By Shafey Danish (NVONews.Com)
A fresh set of allegations are roiling Indian politics. Social activist turned politician Arvind Kejriwal has alleged that Robert Vadra, husband to Priyanka Vadra and son-in-law to Congress Chief Sonia Gandhi was the beneficiary of various sweet deals from realty giant DLF. These sweet deals were a ‘quid pro quo’ for Haryana government’s facilitation of land acquisition by the company.
Since he turned politician Kejriwal has turned into something of a firebrand. He has been relentlessly attacking Congress, and has now turned his fire on the first family itself. The media has taken due note, and turned Kejriwal into something of a celebrity.
Merely media’s insatiable appetite for political dirt digging, or deft manipulation on Kejriwal’s part? However it may be, Kejriwal the politician has emerged from the shadow of his erstwhile guru, Anna Hazare, and has emerged as a consummate politician in the process.
The journey to politics was anything but smooth however. Kejriwal was born in 1968, to an engineer father. He spent most of his early days in small northern Indian towns like Sonepat, Hissar, and Mathura.
Given that his father was an engineer, it was not surprising that Kejriwal joined IIT Kharagpur, the premier engineering college in India. For Kejriwal the period he spent in IIT, from 1985 to 1989, were a formative influence on his later life.
After graduating out he joined Tata Steel, but apparently disenchantment with the job led him to resign from service in 1992, just three years later. For a time, he worked with charitable organizations like Ramakrishna Mission, and Mother Teresa’s Missionaries of Charity. In 1995 he qualified for the Indian Revenue Service. He worked in the department for 5 years, during the time, he apparently devoted himself to the task of curbing corruption. While he was still and Additional Commissioner of Income Tax in Delhi, he started an NGO called Parivartan, using it to empower citizens to get basic documents and amenities like ration cards, or electricity connection. Parivartan has never been officially registered, and depends on few volunteers to provide its services.

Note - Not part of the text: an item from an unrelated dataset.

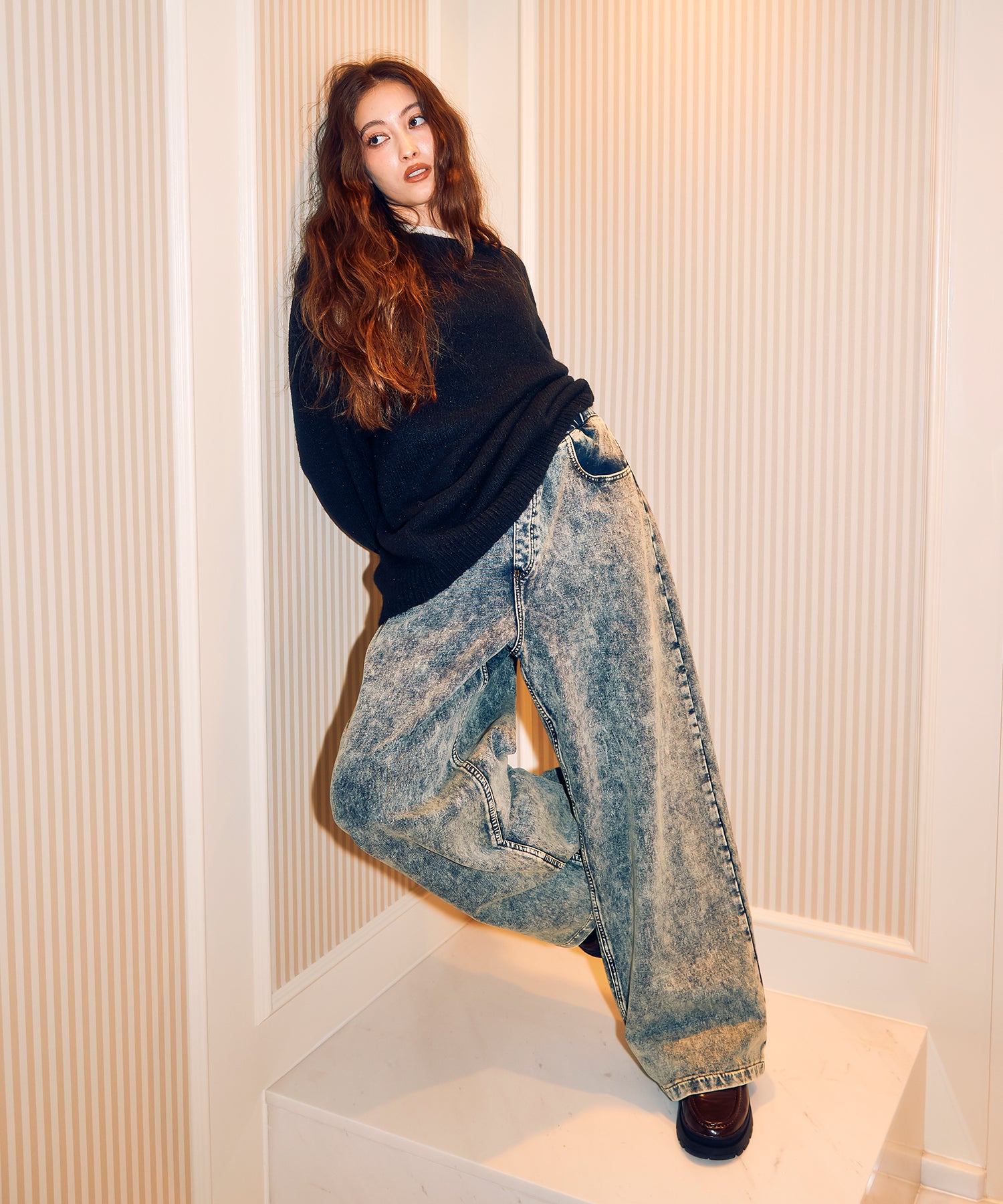 MODEL:163cm/COLOR:BLUE/SIZE:F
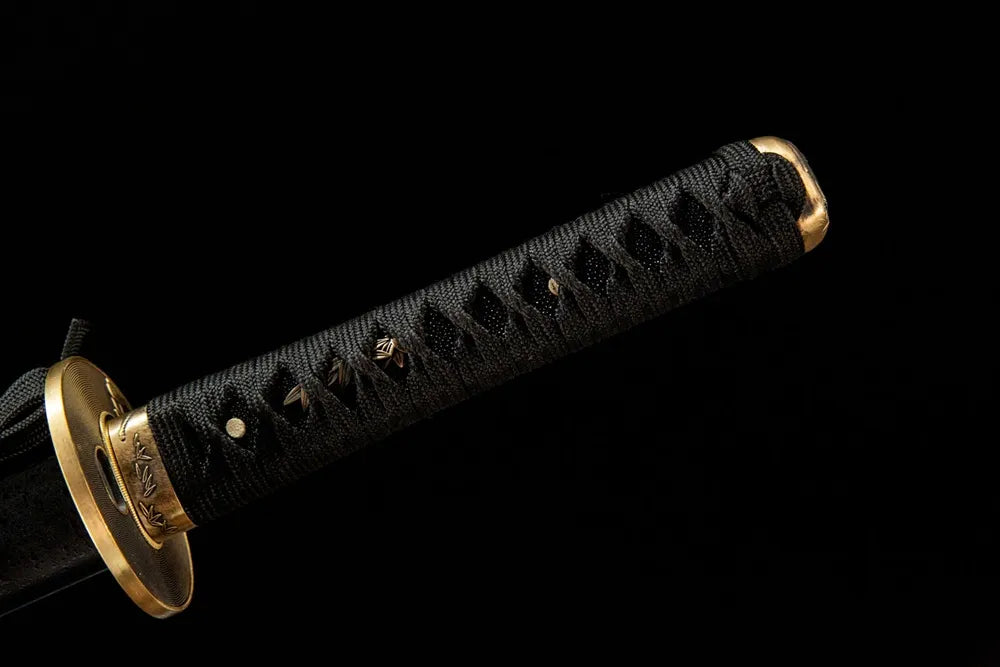 Full short tsuka front view genuine ray skin full solid copper fittings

The Delhi Right to Information Act was enacted in 2001. Soon after Kejriwal started a silent movement to educate people about their rights under the Right to Information Act, and to have it enacted at the Central level. The Centre passed the Right to Information Act in 2005.
Throughout this time, Kejriwal had been working as an RTI activist. In one memorable case Parivartan partnered with a poor woman named Triveni, who had not been getting her share of grains from the Public Distribution System. She had been told that the government had stopped distributing grains in that area.
Parivartan partnered with her to file a RTI. It was discovered that officials had lied to Triveni. That the government had continued to supply food grains but most of it was being siphoned off to be sold on the black market. Suspecting that the problem was widespread, a further RTI was filed. It was found that 93% of all wheat, and 87% of rice was being sold off on the black market.
Parivartan’s efforts led to the reopening of 15 PDS shops and food started being distributed to dozens of families. He was awarded the Ramon Magsaysay Award for emergent leadership in 2006. Kejriwal used his Magsaysay award money to found a new NGO called Public Cause Research Foundation.
He hit the headlines after joining Anna Hazare movement for the drafting of a strong anti-corruption bill in 2011. Through his Gandhian methods and his unrelenting stance against corruption Anna Hazare had captured the imagination of the people. Hazare’s fast started on 5th of April 2011, soon it turned into a national movement. The government was forced to take notice, and negotiate with the Hazare movement the committee that had formed around him.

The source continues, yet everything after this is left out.